*Task goal:* Could all of the entries be written out exactly, with any pictures omitted?

Extracted information: Begin

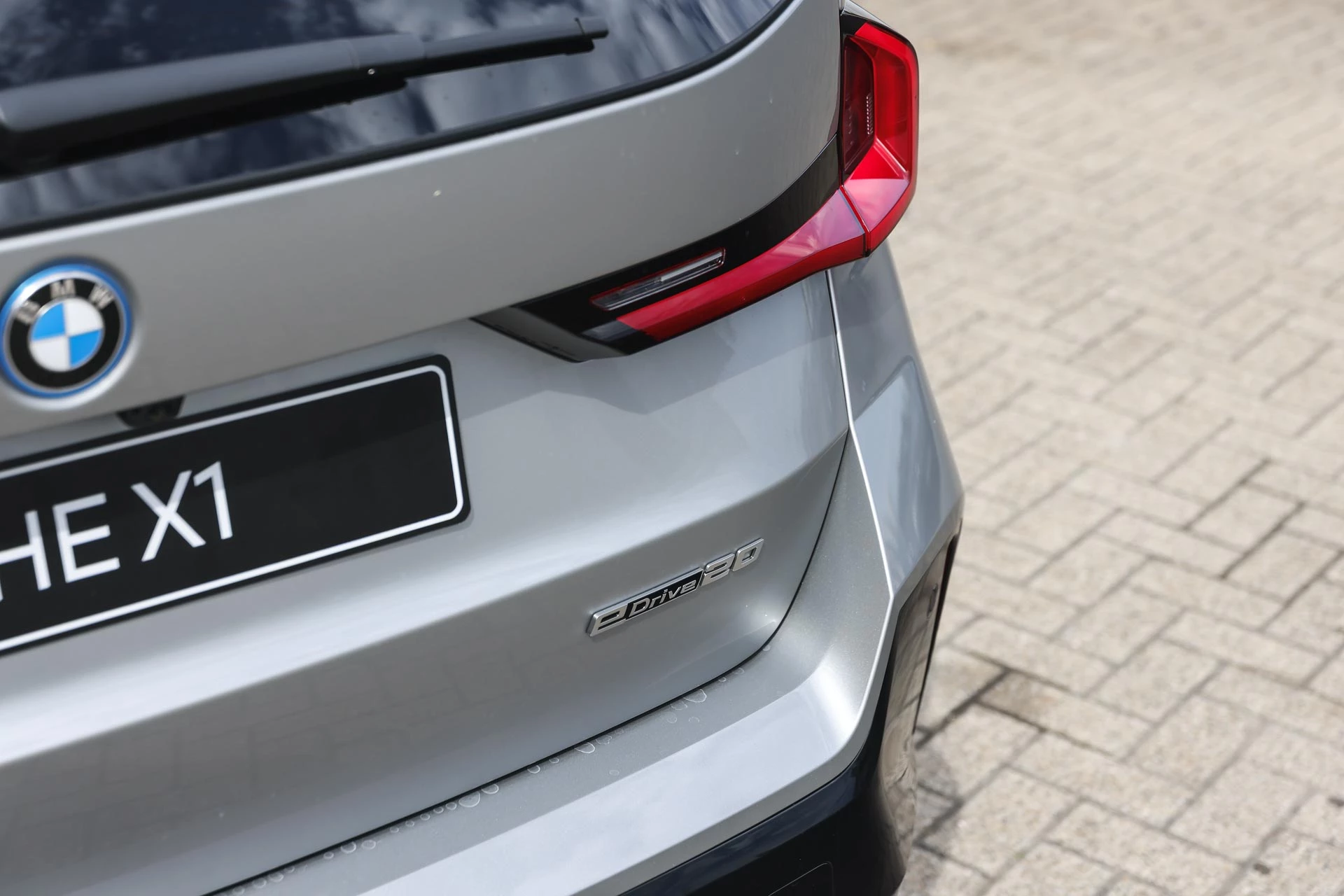 Hoofdafbeelding BMW iX1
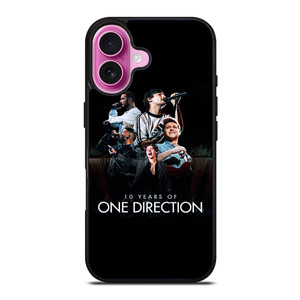 ONE DIRECTION iPhone 16 Plus Case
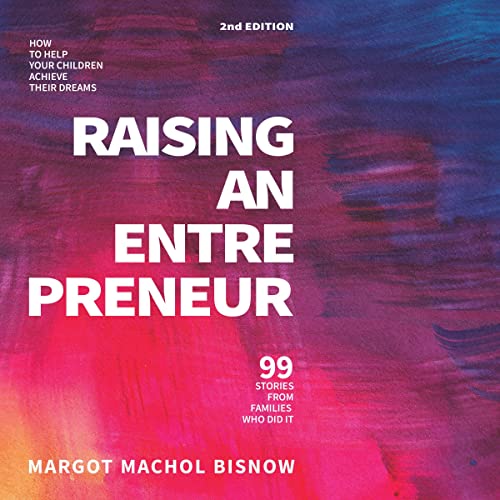 Cover of Raising an Entrepreneur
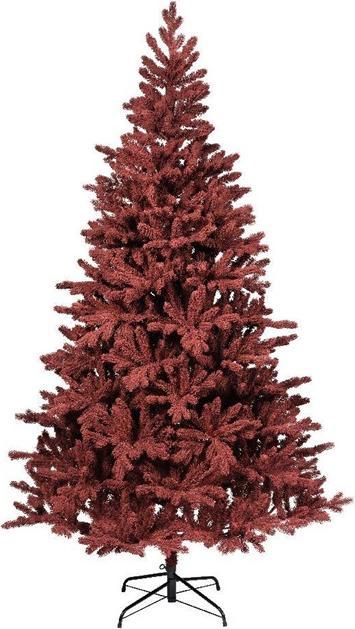 Everlands Artificial Christmas tree Red, 180 cm (180 cm)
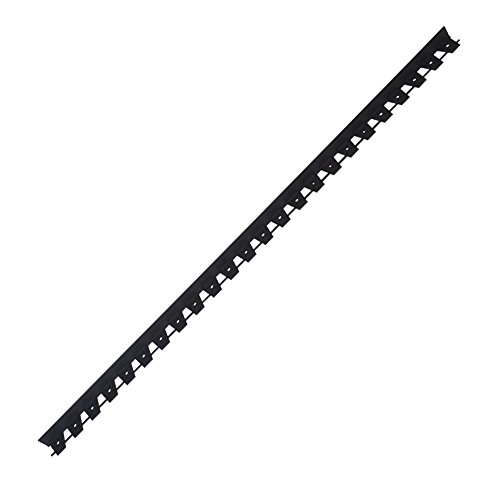 EasyFlex Snip-to-Flex Paver Edging, 60-Feet, Black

Extracted information: End

*Expected answer:*
 Hoofdafbeelding BMW iX1
 ONE DIRECTION iPhone 16 Plus Case
 Cover of Raising an Entrepreneur
 Everlands Artificial Christmas tree Red, 180 cm (180 cm)
 EasyFlex Snip-to-Flex Paver Edging, 60-Feet, Black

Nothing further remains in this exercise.